Ontology learning

Ontology learning (ontology extraction, ontology generation, or ontology acquisition) is the automatic or semi-automatic creation of ontologies, including extracting the corresponding domain's terms and the relationships between the concepts that these terms represent from a corpus of natural language text, and encoding them with an ontology language for easy retrieval. As building ontologies manually is extremely labor-intensive and time-consuming, there is great motivation to automate the process.

Typically, the process starts by extracting terms and concepts or noun phrases from plain text using linguistic processors such as part-of-speech tagging and phrase chunking. Then statistical[1] or symbolic[2][3] techniques are used to extract relation signatures, often based on pattern-based[4] or definition-based[5] hypernym extraction techniques.

Procedure

Ontology learning (OL) is used to (semi-)automatically extract whole ontologies from natural language text.[6][7] The process is usually split into the following eight tasks, which are not all necessarily applied in every ontology learning system.

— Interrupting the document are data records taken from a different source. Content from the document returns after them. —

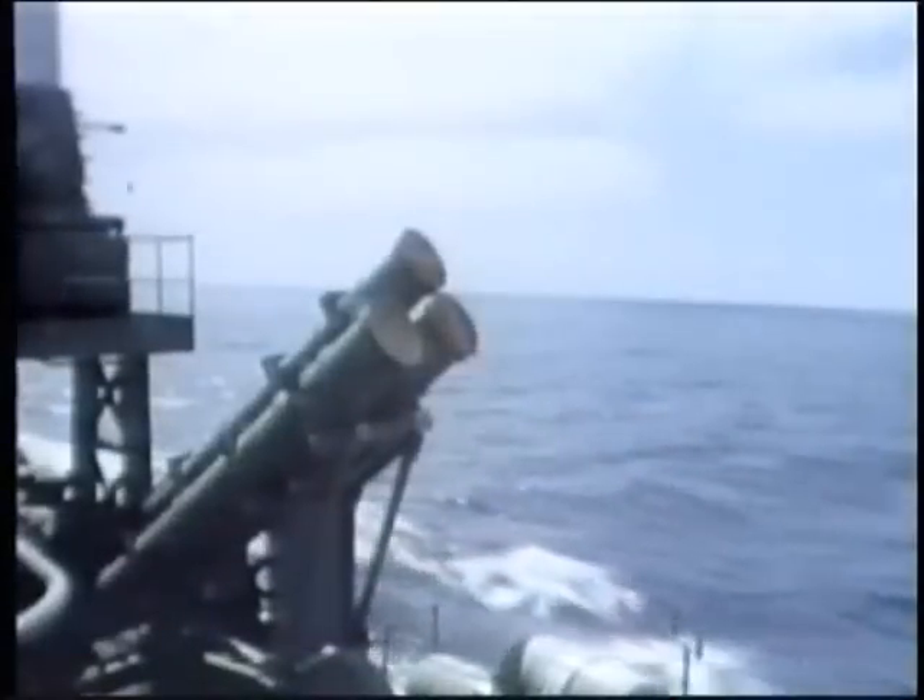Quite different from AMRAAM is the U.S. Navy's Harpoon missile. Designated RGM-84A, the Harpoon is really a miniature aircraft powered by a turbojet engine, complete with a tandem rocket booster that shoots it out of its canister or tube launcher. Harpoon weighs just over 1,500 pounds.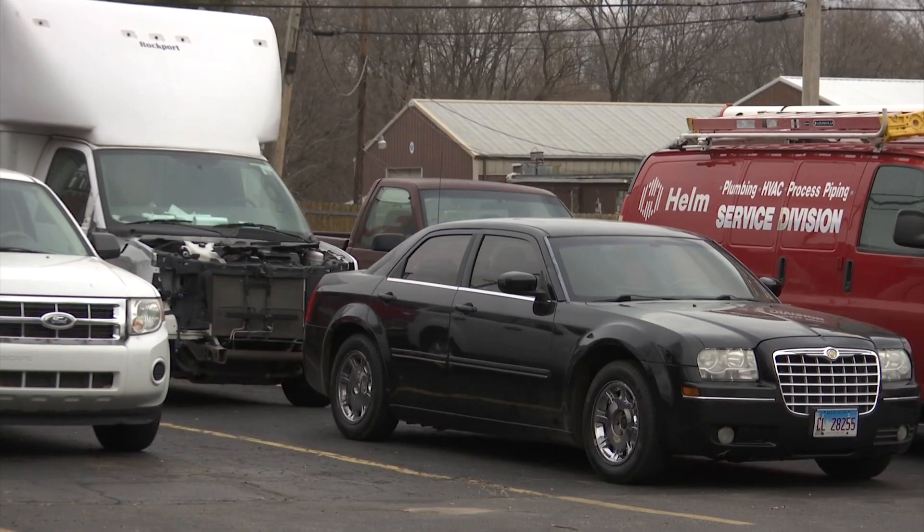It's an important part of your car, and a part thieves want to get their hands on. They're after the converters. There are precious metals in them — rhodium and platinum are the main ones.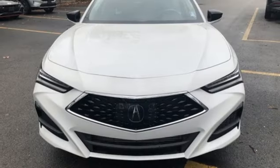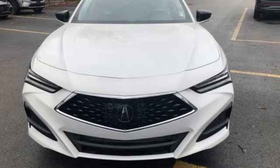Luxury performance Acura. There's even more to see in person. Take it for a test drive today.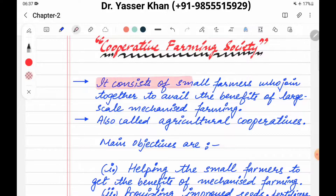What is in the cooperative farming society? It consists of small farmers who join together to avail the benefits of large scale mechanized farming. Small farmers get together and they will get the benefits of large scale farming.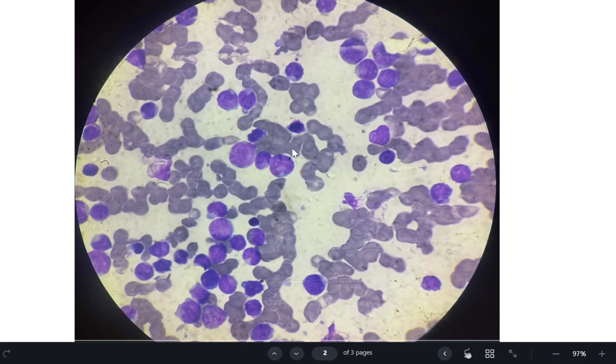So, more than 20% blasts, high nuclear-to-cytoplasmic ratio, dispersed chromatin, and prominent nucleoli define acute leukemia. This patient is less than 10 years old, so most probably it is acute lymphoblastic leukemia. Acute myeloid leukemia usually occurs in the elderly age group, whereas in children it is usually acute lymphoblastic leukemia.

Domain terminology extraction

During the domain terminology extraction step, domain-specific terms are extracted, which are used in the following step (concept discovery) to derive concepts. Relevant terms can be determined e. g. by calculation of the TF/IDF values or by application of the C-value / NC-value method. The resulting list of terms has to be filtered by a domain expert. In the subsequent step, similarly to coreference resolution in information extraction, the OL system determines synonyms, because they share the same meaning and therefore correspond to the same concept. The most common methods therefore are clustering and the application of statistical similarity measures.

Concept discovery

In the concept discovery step, terms are grouped to meaning bearing units, which correspond to an abstraction of the world and therefore to concepts. The grouped terms are these domain-specific terms and their synonyms, which were identified in the domain terminology extraction step.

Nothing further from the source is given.